**DATA BELOW:**
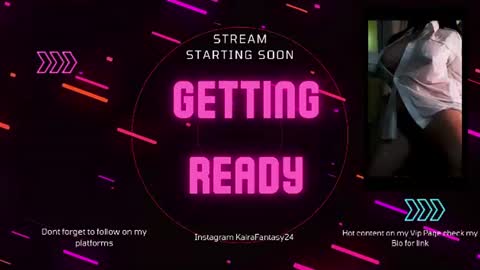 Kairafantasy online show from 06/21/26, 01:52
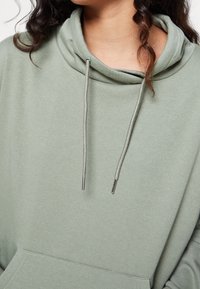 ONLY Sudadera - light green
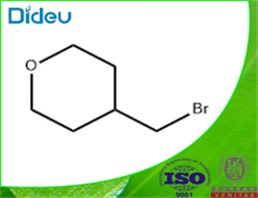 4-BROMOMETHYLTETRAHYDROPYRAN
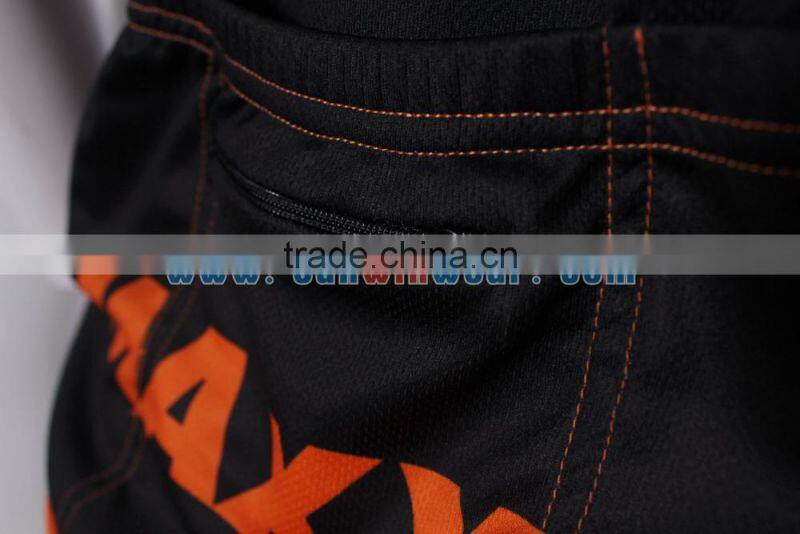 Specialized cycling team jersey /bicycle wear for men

**YOUR GOAL:** Exclude every picture and restate the listing word for word.

**WRITTEN ANSWER:**
 Kairafantasy online show from 06/21/26, 01:52
 ONLY Sudadera - light green
 4-BROMOMETHYLTETRAHYDROPYRAN
 Specialized cycling team jersey /bicycle wear for men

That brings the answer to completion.